That's the best I can do  I'm sorry that your parents don't want you to bring your budgie. If you do find an airline that can take your budgie either in the cabin or _safely_ on board in another way, talk to your parents and see if it's something that they can do.

If your parents absolutely don't want to take the budgie, there's not much you can do if they're convinced of their decision. Since you will have to rehome him, I would begin writing down pre-screening questions you would ask any potential owners and consider that option, too.

Best wishes!


----------



## HappiBudgie (Jan 17, 2017)

Are you in the US right now? I know there are a few american airlines that allow pets. Do some research on it and I hope will find something. I'm sorry your parents don't want to take your budgie  
Also, this might be helpful :blink: I suppose...: How to Convince Your Parents to Let You Do Anything


----------



## FaeryBee (May 9, 2011)

*It is important that you be the one to do the necessary research with regard to the airline restrictions, custom/import laws about bringing the budgie into the new country, etc.
Additionally, you need for determine if the country (which one??) allows budgies to be brought into that area from the U.S. 
Do not expect your parents to do this for you. 
You are old enough to handle the responsibility and showing your parents you have the maturity to take the initiative will go a long way.

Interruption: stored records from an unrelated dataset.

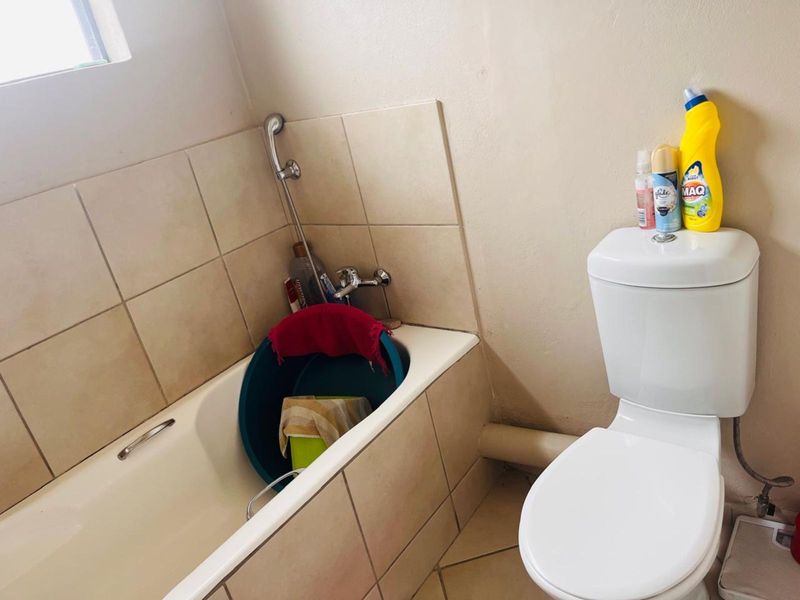 Townhouse For Sale in Evander - Photo 6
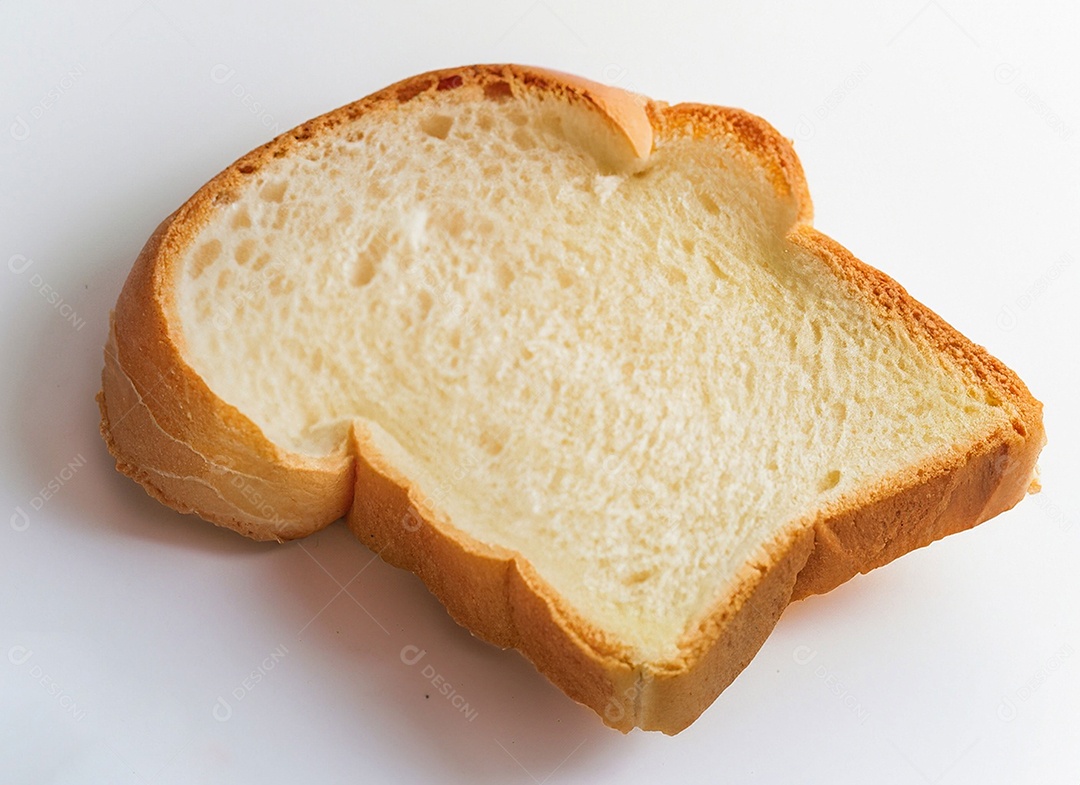 Pão de forma caseiro em fatias sobre fundo branco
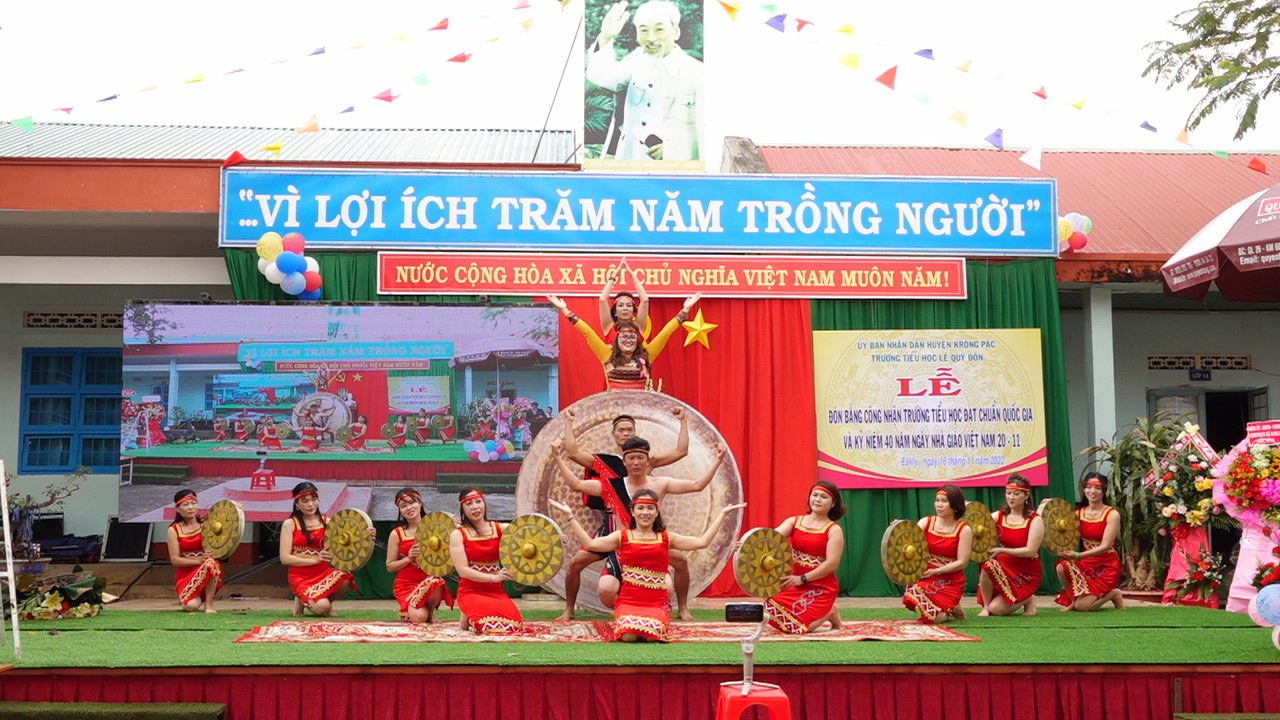 Trường Tiểu học Lê Qúy Đôn đón bằng công nhận trường đạt chuẩn quốc gia mức độ 1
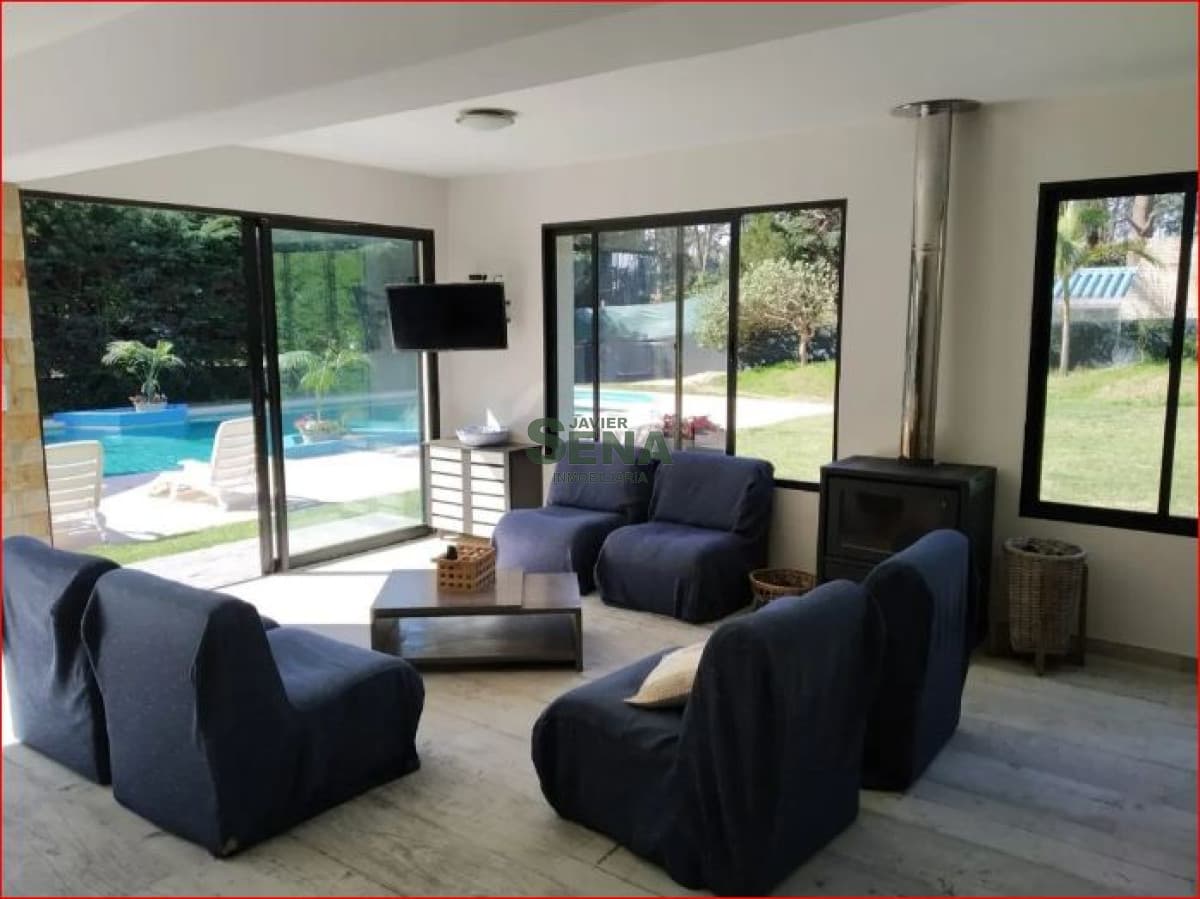Alquiler de casa en la Mansa, 4 dormitorios, 3 baños, piscina, parque, cerca del mar.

Additionally, you should be making arrangements to cover the costs yourself of taking the budgie by airline. 
If you do not have a part-time job, try to get one. 
Save any money received as birthday or holiday gifts to use for the expense of transporting the budgie via air.
Recognize that your budgie might need to be transported by a different airline that the one you are traveling on -- you'll have to check with various airlines after determining the custom/importation regulations of the destination country.

Make things as easy on your parents as possible and they will be more likely to honor your request to bring the budgie when you move.

Best wishes!*


----------